🧠 Part A: Questions About the Nature of the Method

1. What is the real role of the base step? If it is missing, what could go wrong? Are there statements for which the base step "does not really matter"? Explain.
2. In the inductive hypothesis we do not know whether the statement is true. How is it still "legal" to use it in order to prove the statement for \(k+1\)?
3. Can the base step use \(n=5\) instead of \(n=1\)? What would change? Give examples of statements for which this is possible, and statements for which it is not.
4. If the step from \(k\) to \(k+1\) is valid — does that guarantee the step from \(k+1\) to \(k+2\) is also valid? Explain why or why not.
5. What is the difference between "checking a few cases" and proving by induction? Why does our brain love examples — and why is that dangerous?

📐 Part B: Questions About the Inductive Step

6. What kind of use of the inductive hypothesis is considered "legal"? Present an example of a valid use and an example of an invalid use.
7. Why can we not simply "assume" that the left-hand and right-hand sides are approaching each other? Think about common student errors.
8. Why do we often add \(k+1\) to both sides? Show an example where this works well, and an example where it does not help at all.
9. What happens when the inductive step depends not only on \(k\) but also on intermediate values? Does induction still work?
10. What is the difference between a "step formula" and an "expansion" of the expression? Is explicit substitution always necessary?

🔶 Part C: Deep Geometric Questions

11. Suppose a triangle is divided into \(n\) strips parallel to the base. We saw that the number of small triangles is \(n^2\). Can you create a version of "triangle multiplication"? What would happen if you replaced "strips" with "points"? Investigate the idea.
12. Explain how geometric induction works even for non-uniform decompositions. What conditions must the geometric structure satisfy for induction to be applicable?
13. Can you invent a geometric shape for which induction does not work? Justify your answer based on the regularity of the inductive step.

💬 Part D: Induction on Processes – Creative Thinking

Induction is not limited to algebraic statements. It can also be applied to processes.

14. A child builds a tower of cubes: at each step a new row of cubes is added in a "staircase" shape — one more cube than the previous row. Formulate an appropriate statement and propose a proof by induction.
15. A game: at each step one ball is added to a jar, and every 3 steps two balls are removed. Can you investigate the "number of balls" using induction? What is the condition for the inductive step?
16. A sorting process: numbers are inserted into a list one by one, and at each step one small change is made to the list. How can you formulate a statement on which induction is performed?
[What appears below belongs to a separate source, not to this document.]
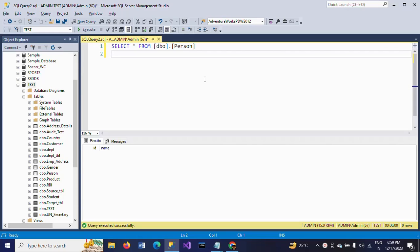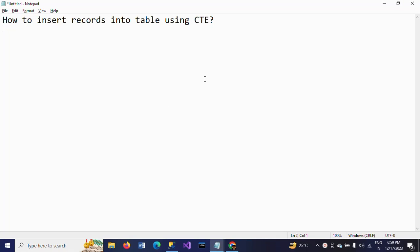This is my table which contains two columns: ID and Name. But we don't have any data. Now I want to insert data into the table using CTE. I am starting by writing the CTE with the name 'cte_insert'.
🌀 Part E: The Induction Mindset – Thinking About Thinking

17. In which situations does induction feel "natural", and in which does it feel forced? Give examples.
18. Why does induction work only on well-ordered structures? What is the connection between "natural numbers" and the possibility of applying induction?
19. What is the logic behind the statement: "To prove infinitely many cases – it is enough to prove two" (the base + the step). Explain in your own words.